Jemima Lewis: We've created a genealogical nightmare

We need to acknowledge the emotional costs of our reproductive freedom

Saturday 21 July 2007 00:00 BST

Even those of us who recoil from crowds, detest communal activities and are congenitally suspicious of the masses will sometimes find ourselves behaving like lemmings. In the past couple of years, almost all my close female friends have got themselves pregnant, and so have I. It's partly a mid-30s, biological clock thing; partly a fear of being the only sentient being left when everyone else is talking about nappies.

Only one of our gang remains unfertilised, and that is because she is a lesbian. Motherhood takes more planning when you don't have a willing sperm donor in your bed. But she wants to have babies, and is not the kind of woman to be denied. All it takes is one broody gay man and a syringe, and hey presto - the old gang will be back in sync.

Except, is it really as straightforward as that? Liberal dogma - and my affection for an old friend - tells me that children just need a loving home. The "alternative family" is, increasingly, the norm, and besides, the most outwardly conventional family is often the most inwardly screwy.

But doubts can break through even the most dearly held dogma, like dandelions pushing through concrete. Consider, for instance, the child custody case currently going through the Irish courts. A man donated his sperm to a lesbian couple so that they could have a child. But shortly after their son was born, the assembled parents fell out. The lesbians, one of whom is Australian, announced that they intended to move Down Under, at which point the father launched two lawsuits: one to stop them from resettling abroad, and the other to seek joint custody.

This is, as the judges admitted, "entirely novel" terrain for Irish law, which has never yet had to define the legal rights of either sperm donors or homosexual parents - let alone in competition to each other. But in truth, it is pretty novel terrain for humanity. The social and medical revolutions of the past half-century have created a new world of moral complexity.

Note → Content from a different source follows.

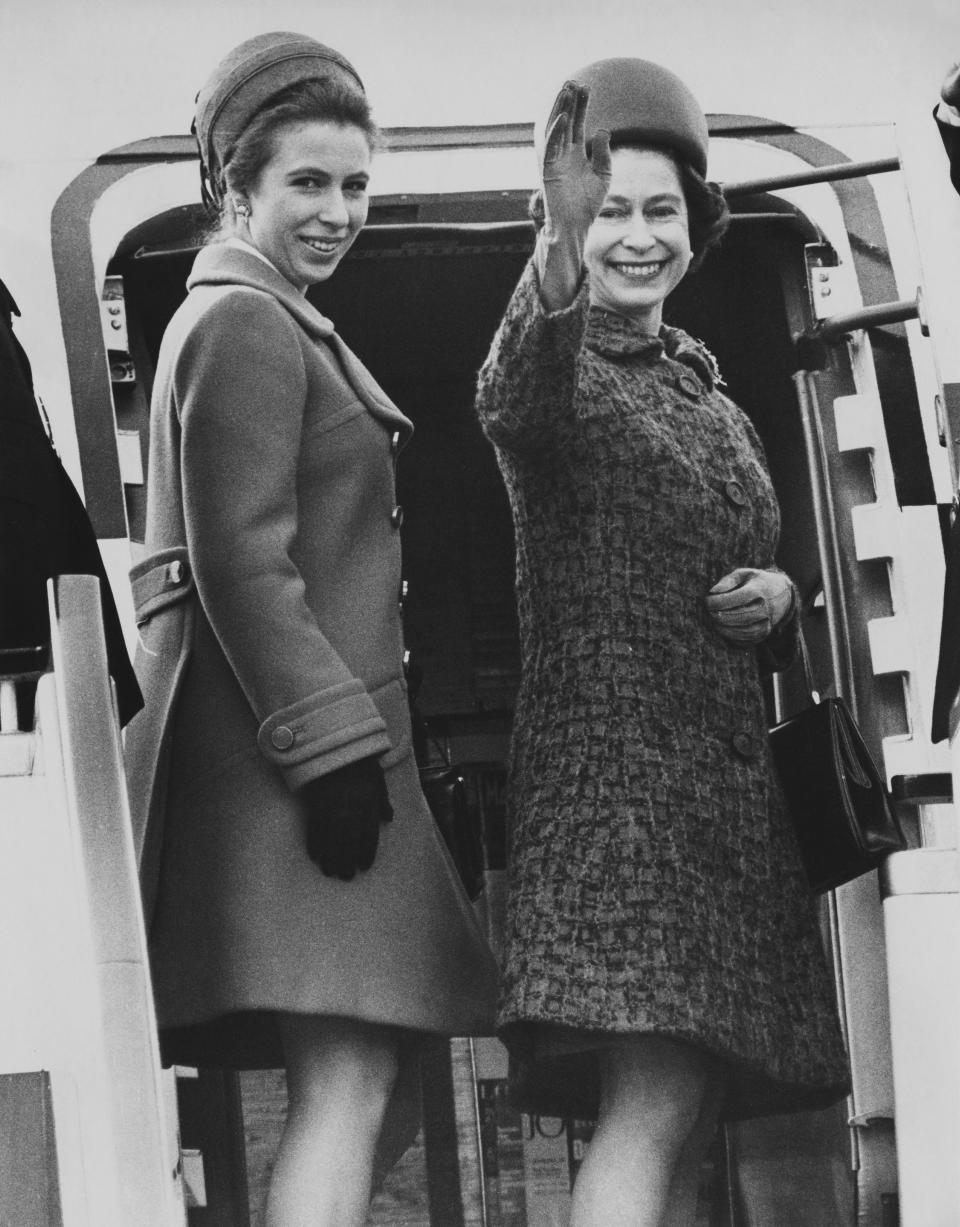 Princess Anne and Queen Elizabeth II boarding airplane at Heathrow Airport on March 2, 1970.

Earlier this month, for instance, a Canadian woman announced that she had frozen some of her own eggs in case her daughter, who has a medical condition that will leave her infertile, should want to use them when she grows up. If Flavie Boivin takes up her mother's offer, she will give birth to her own sibling, whose grandmother will also be its mother.

According to Josephine Quintavalle, co-founder of the public interest group Comment on Reproductive Ethics, the psychological cost of this reproductive free-for-all is only now becoming clear. "In psychiatry we are hearing more and more of children suffering from identity problems," she says, "and specifically a condition called 'genealogical bewilderment'."

This is not, in fact, a wholly modern condition. The term was first coined in 1964 to describe the confusion and feeling of otherness sometimes experienced by adopted children. Traditional morality gave rise to its own genealogical bewilderments. A family friend of mine has spent much of her adult life recovering from the revelation that the woman she thought was her sister was in fact her mother, while the woman who raised her was actually her grandmother.

Likewise, children conceived in adultery were (and still are) often raised by the cuckolded husband, wittingly or otherwise. A friend recently discovered that the devoted father who tucked her into bed every night was not her father after all. That honour belongs to his (former) best friend. What troubles her most is that her conception was not even an accident: the lovers consciously decided that a secret "love child" would be the perfect souvenir of their romance.

Is it any more genealogically bewildering to be raised by two mothers, or a mother who is also your sister? Perhaps not, except in one respect: that your predicament can no longer be recognised as such. Although any form of difference will always be loudly noted in the playground, polite society no longer dares to venture an opinion about the most contorted of conceptions.

I am not suggesting that children of unconventional families need more judgement in their lives. But neither should they be abandoned. There is a danger that the pious silence of the liberal consensus amounts to an abnegation of responsibility: a refusal even to contemplate those dandelions poking through the concrete.

Tom Ellis, a Cambridge graduate whose mother conceived him using donor sperm, has argued passionately that society must stop turning a blind eye to the anguish of people whose parentage is either confused or unknown. "It is difficult to say this in a way that doesn't shock people or make me sound psychologically damaged, but I don't think I should have been born," he says. "It is a terrible and cruel thing to do to somebody."

Plenty of adopted or artificially conceived children would disagree vehemently. But Ellis is surely right that we need to acknowledge the emotional costs of our reproductive freedom, instead of hiding behind platitude that "any family is OK so long as somebody loves you". It's not.